[LLVMdev] Proposal: stack/context switching within a thread
jyasskin at google.com
Sun Apr 11 22:07:31 PDT 2010
On Sun, Apr 11, 2010 at 2:41 PM, Kenneth Uildriks <kennethuil at gmail.com> wrote:
> On Sun, Apr 11, 2010 at 4:09 PM, Jeffrey Yasskin <jyasskin at google.com> wrote:
>> Kenneth Uildriks <kennethuil at gmail.com> wrote:
>>> As I see it, the context switching mechanism itself needs to know
>>> where to point the stack register when switching. The C routines take
>>> an initial stack pointer when creating the context, and keep track of
>>> it from there. If we don't actually need to interoperate with
>>> contexts created from the C routines, we have a lot more freedom.
>> I guess the reason to interoperate with contexts from the C routines
>> would be to support ucontext_t's passed into signal handlers? But then
>> the LLVM intrinsics need to specify that their context's layout is the
>> same as ucontext_t's, on platforms where ucontext_t exists.
> Or perhaps it can be an argument to the target code generator, if
> there's any need to switch "compatibility mode" off and on. All that
> the intrinsics require is that context creators be given
> a memory area of at least size llvm.context.size() to write contexts
> into, and that nothing besides the intrinsics mess with the context
Yeah, that sounds right.
>>> 2. We should be able to support "hard switching" in Stackless Python
>>> by adding a llvm.getcontextstacktop intrinsic. If, as in Kristján's
>>> example, llvm.getcontext is used to create context A, and then
>>> execution continues until context B is created with
>>> llvm.swapcontext(B, A), the region of memory between
>>> llvm.getcontextstacktop(A) and llvm.getcontextstacktop(B) can be saved
>>> and later restored when B is resumed.
>> Wait, what stack top does swapcontext get? I'd thought that A's and
>> B's stack top would be the same since they're executing on the same
> No, A's stack top would be whatever the stack pointer was when
> llvm.getcontext was called to
> create it. B's stack top would be whatever the stack pointer was when
> llvm.swapcontext was
> called to create it... it would be further from the common base than
> A's stack top. The region
> between them is what needs to be restored before B can become active
> again, assuming that
> A's stack space remained valid.
Oops. Either I can't read, or I was confused by the fact that x86
stacks grow down. Probably the reading.
> I forgot to mention that this depends on the assumption that the
> function that created context A did not return to its caller before
> the llvm.swapcontext that created context B was executed. And while
> I'm at it, what it the function that created context A made a tail
> call in the meantime?
Yep. The opengroup manpages are pretty bad about describing the limits
Could you sketch out the restrictions in your document? They may be
identical to setjmp/longjmp, which opengroup does document:
> Me either. Stack copying, mmap'ing, slicing, or whatever should be
> done by the scheduler. LLVM
> would not include any part of a scheduler, just intrinsics to allow a
> scheduler to create and switch contexts.

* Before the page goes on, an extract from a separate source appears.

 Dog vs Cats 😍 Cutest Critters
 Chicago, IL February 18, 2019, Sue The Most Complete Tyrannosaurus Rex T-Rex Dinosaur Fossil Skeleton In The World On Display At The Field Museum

> Anyway, I updated the document to take a lot of this discussion into
> account. I hope that the assumptions I made actually are universally
> applicable in (non-split-stack-enabled) LLVM.
Thanks! Here are some thoughts on your additions. (just the "Stack
management" section, right?)
A working document like this may work better on a wiki, in
http://codereview.appspot.com, or in a public repository rather than
as a series of email attachments. :)
"The context will not carry any information about the maximum stack
space available to it" <- and this is the only line that would need to
change to add split stacks, I think.
"1. A function call will ..." -> "1. A non-tail function call will ..." ?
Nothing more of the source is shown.